Required action: Any picture must be dropped, but each line of the data should be duplicated exactly.

Exercise data:
········

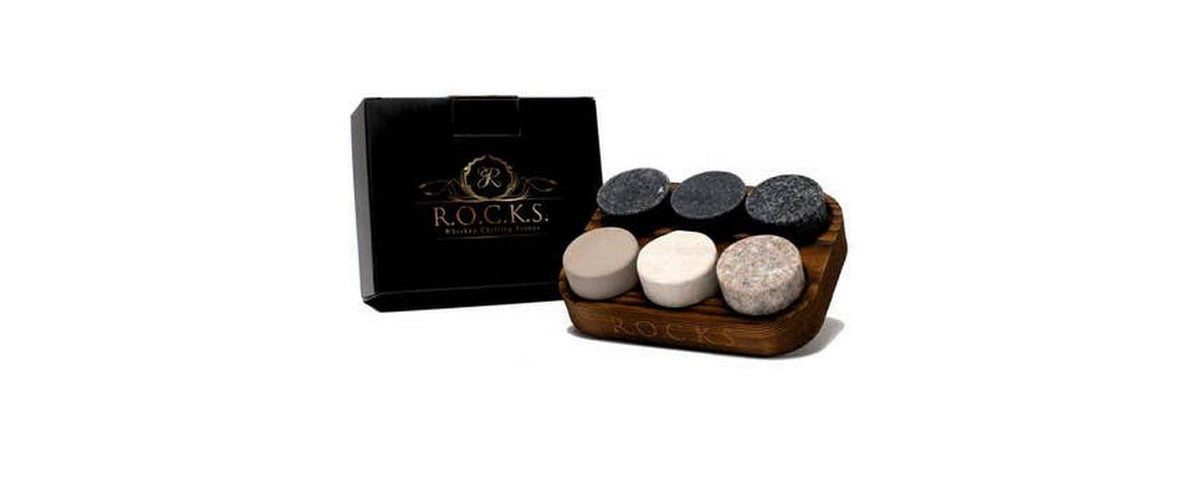 R.o.c.k.s. Whiskysteine – Ø 3,5 × 4 cm, Granit, Mehrfarbig, 6 Stk.
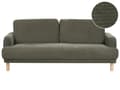 Miniatyrbilde 1 av 11: 3-seters Sofa Mørkegrønn Kordfløyel Treben Loveseat Sofa Retro Minimalistisk Stuemøbler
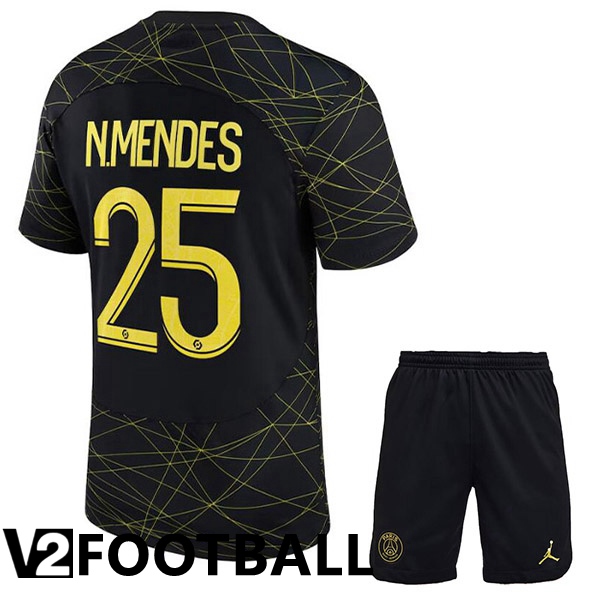 Paris PSG (N.MENDES 25) Kids Soccer Jersey Fourth Black 2022/2023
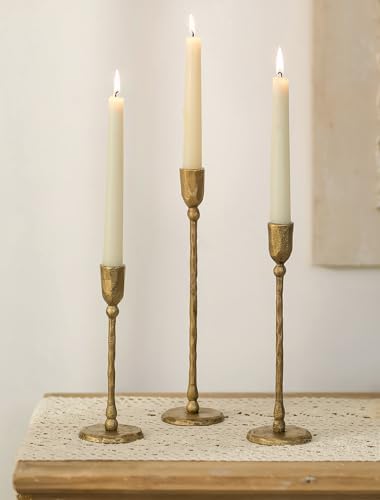 NUPTIO Iron Taper Candle Holders: Antique Brass Candlestick Holder Set of 3 by Nuptio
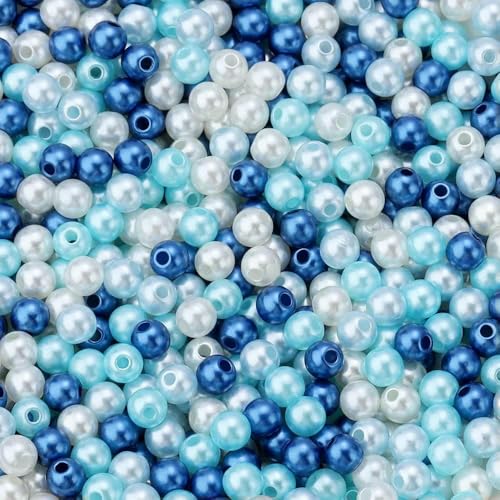 50–1000 Stück mit Loch, ABS-Imitationsperlen, 3/4/6/8/10/12 mm, runde Acryl-Abstandshalterperle für DIY-Armband-Halskette, Blau-Mix, 8 mm, 100 Stück von GJUYTD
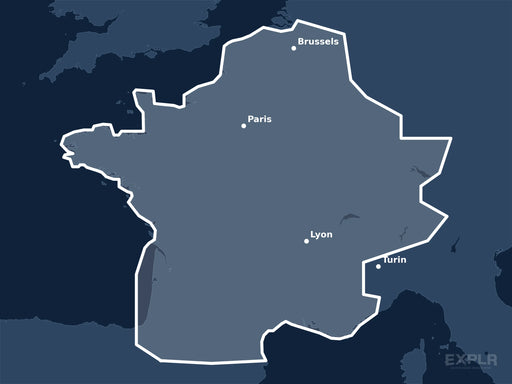 Täckningskarta för sjökortet C-MAP DISCOVER French Inland Waters (M-EW-Y206-MS): det vita markerade området visar vilka vatten kortet omfattar, bland annat kring Paris, Brussels och Turin.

········

Your solution:
 R.o.c.k.s. Whiskysteine – Ø 3,5 × 4 cm, Granit, Mehrfarbig, 6 Stk.
 Miniatyrbilde 1 av 11: 3-seters Sofa Mørkegrønn Kordfløyel Treben Loveseat Sofa Retro Minimalistisk Stuemøbler
 Paris PSG (N.MENDES 25) Kids Soccer Jersey Fourth Black 2022/2023
 NUPTIO Iron Taper Candle Holders: Antique Brass Candlestick Holder Set of 3 by Nuptio
 50–1000 Stück mit Loch, ABS-Imitationsperlen, 3/4/6/8/10/12 mm, runde Acryl-Abstandshalterperle für DIY-Armband-Halskette, Blau-Mix, 8 mm, 100 Stück von GJUYTD
 Täckningskarta för sjökortet C-MAP DISCOVER French Inland Waters (M-EW-Y206-MS): det vita markerade området visar vilka vatten kortet omfattar, bland annat kring Paris, Brussels och Turin.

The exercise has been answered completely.